Look through the data below and extract, unchanged, the lines from the one that contains "BMW i5 eDrive 40L M - фото 11" to the one that contains "2026 RAM 1500", both included.

*Extracted data:*
........

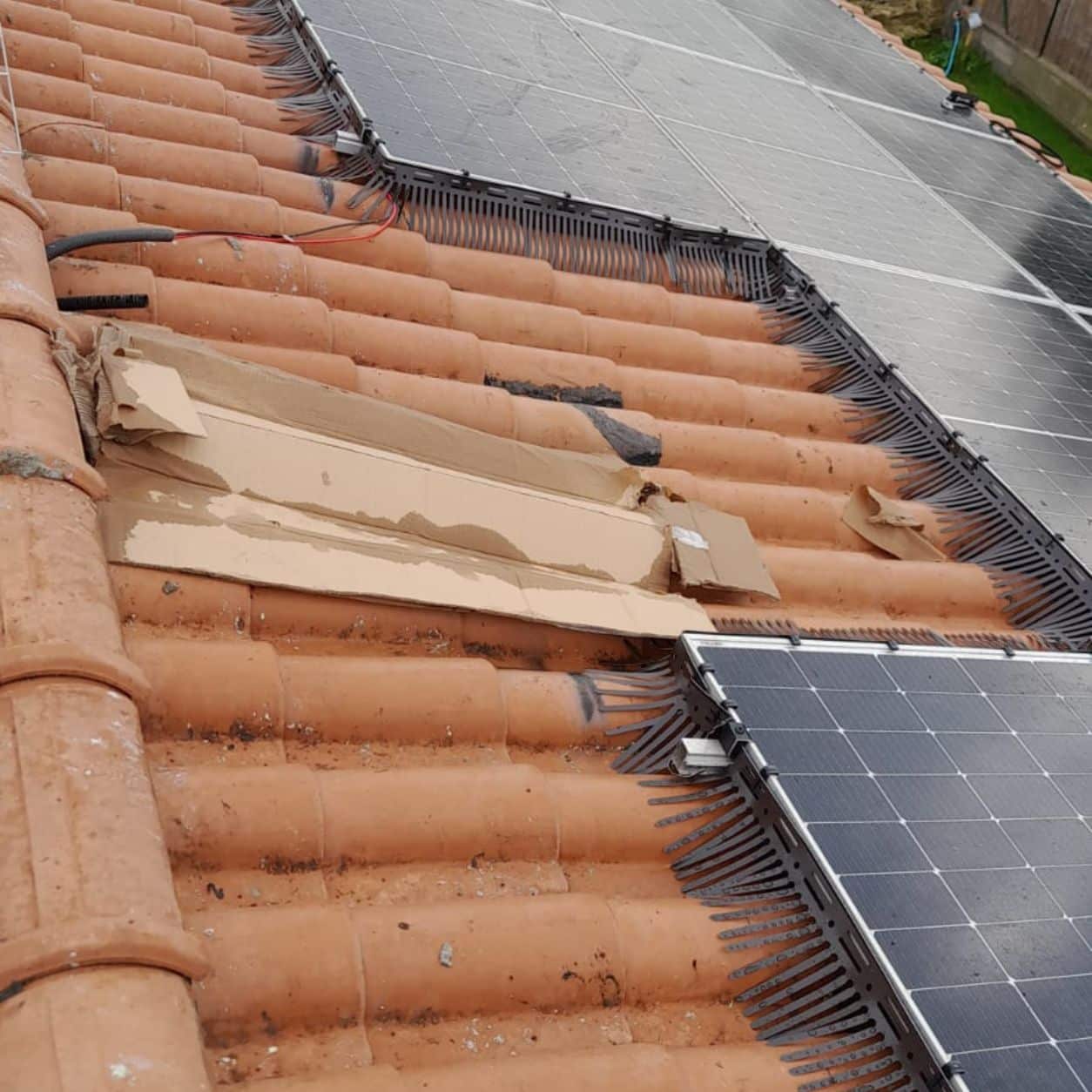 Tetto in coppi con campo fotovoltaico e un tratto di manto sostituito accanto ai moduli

........

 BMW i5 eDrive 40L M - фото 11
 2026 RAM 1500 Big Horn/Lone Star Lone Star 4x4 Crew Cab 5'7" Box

........

*Response to the exercise:*
 BMW i5 eDrive 40L M - фото 11
 2026 RAM 1500 Big Horn/Lone Star Lone Star 4x4 Crew Cab 5'7" Box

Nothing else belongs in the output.